TTABA was an autonomous body that government had agreed to support because of its success rate, with farmers benefiting the most from their programmes. Understandably, there were conflicts among TTABA’s management, the government ministries, and other affiliated institutions. By the time the coalition came into power, TTABA was seen as a PNM creature that had to be dismantled. And so what was five years earlier a most promising venture in the agro sector collapsed and died. Some farmers who had established their own line of marketing, survived. In the name of hunting down corruption, officials from the new government destroyed all the positive and progressive work done by the organisation.

Fast forward to today and Dr Rowley’s “sexy” agriculture; I wonder if those eager faces I saw will remain smiling should the PNM lose the upcoming election. The experiences we have had so far tell us that when one government goes out of power, the incoming regime must undo everything their predecessor did. This modus operandi is what saw the Brian Lara Cricket Academy hung up for years gathering moss and rust before it became what it is today, where everybody and their brother attend cricket, fetes and sundry events.

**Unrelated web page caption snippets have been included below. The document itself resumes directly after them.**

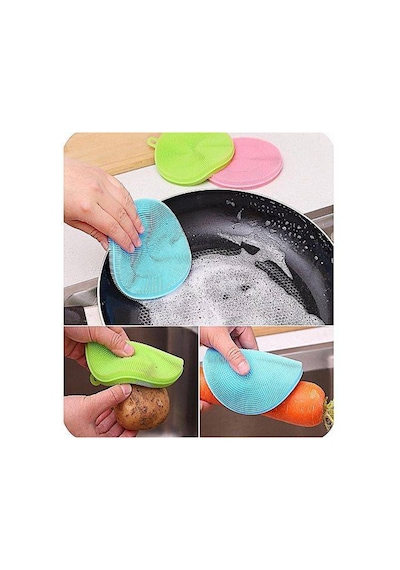 Better Sponge Bulaşık Mutfak Silikon Temizlik Bezi Sünger Fırça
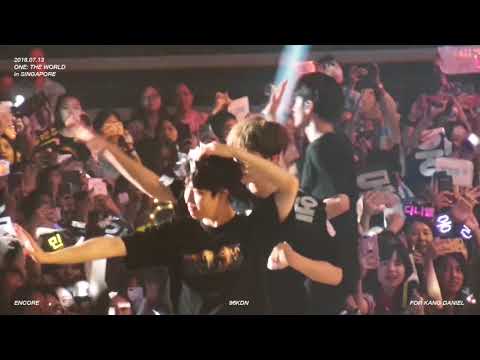 180713 Wanna One ONE: THE WORLD in Singapore - Encore
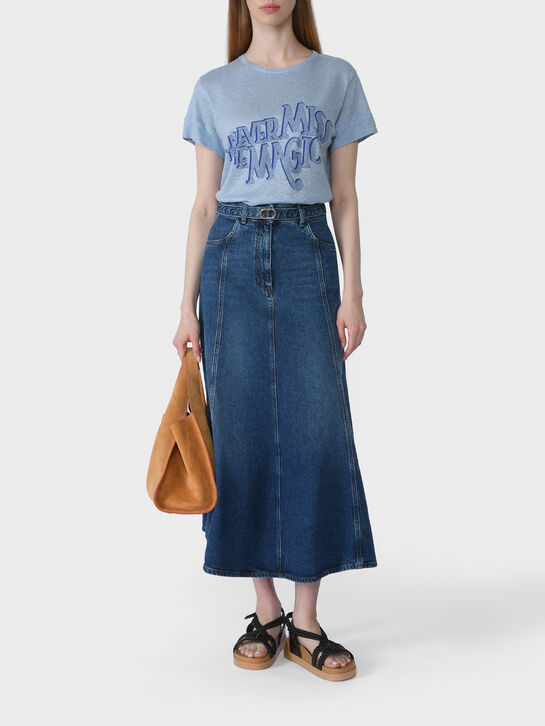 Футболка с принтом &quot;Never miss the magic&quot; Dorothee Schumacher , арт.  | Фото 2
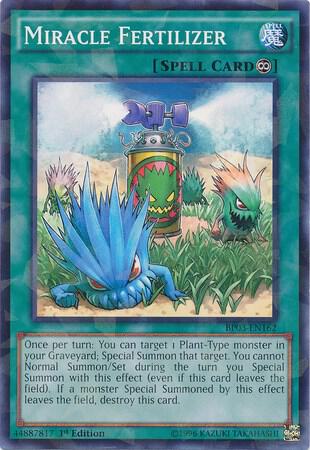 Miracle Fertilizer (Shatterfoil)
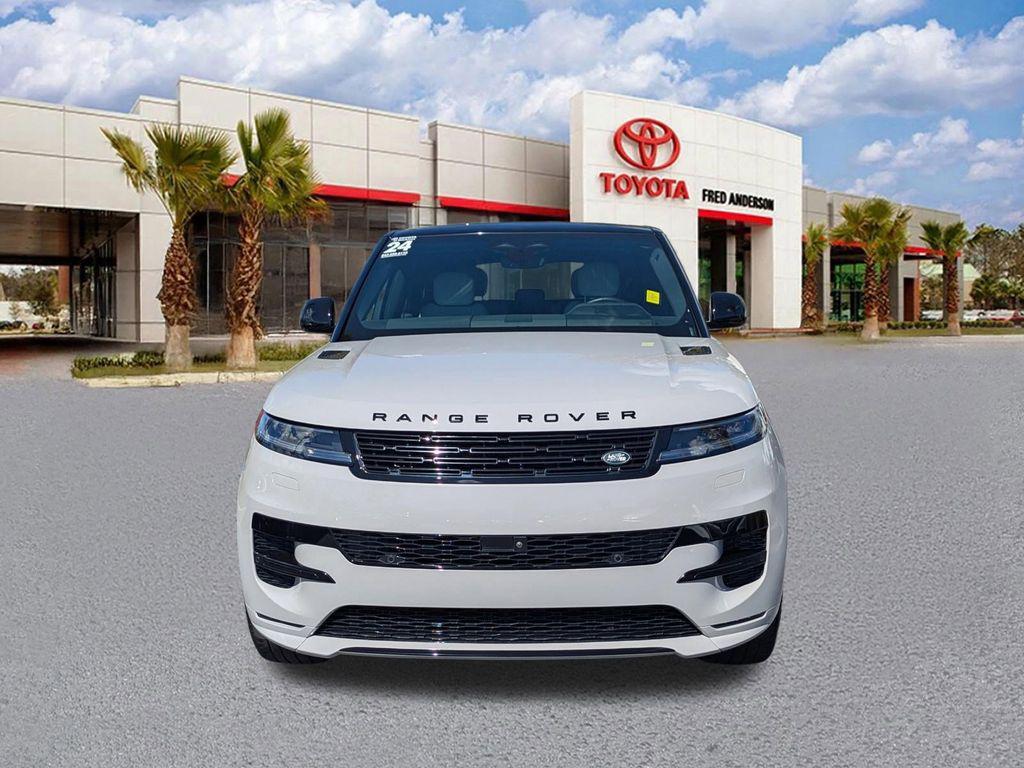 used 2024 Land Rover Range Rover Sport car, priced at $78,991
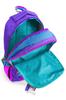 Coral High Kids Purple Glittery Unicorn Patterned Three Compartment School Backpack 23663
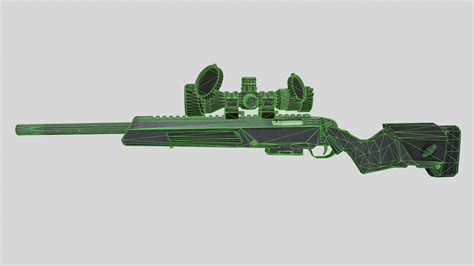 Gun Weapon Model Turbosquid 1537913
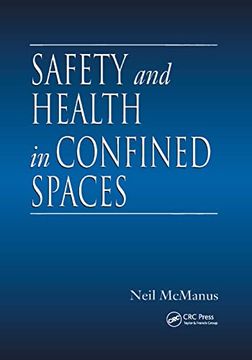 portada Safety and Health in Confined Spaces (en Inglés)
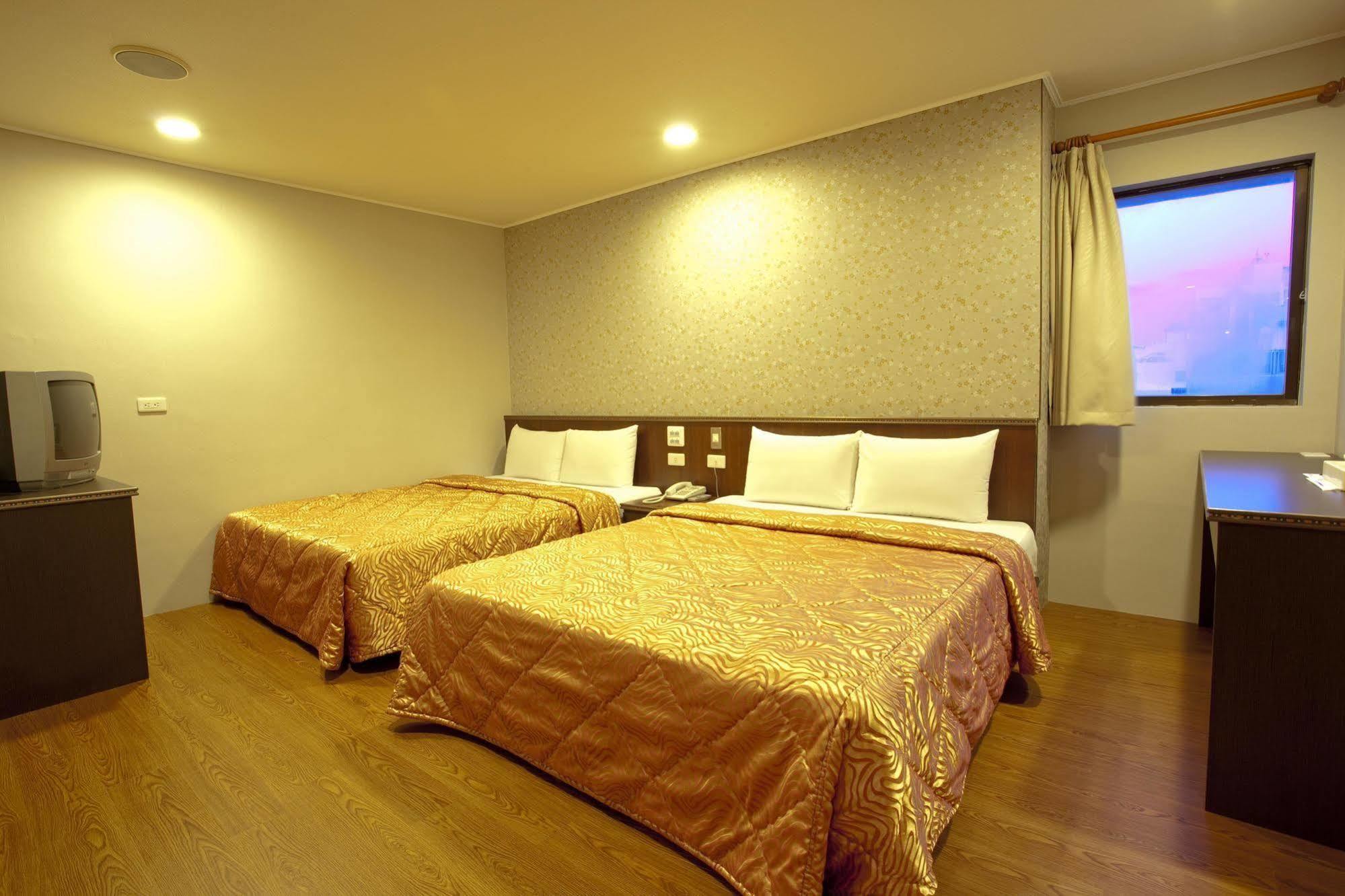 Huahou Hotel Kaohsziung Kültér fotó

I should tell PM Rowley that he is no pioneer in promoting “sexy” farming. Back when I was a teenager there was a pretty girl in Freeport who married into an agro-family and could be seen on any good day driving their tractor into the farms and on the roads. There was some competition for female farmers that “Theo”, what we called her, won. Perhaps it was women like Theo, who was as sexy as it gets in farming, who encouraged the likes of Dhanoo and others to enter that field. Who knows?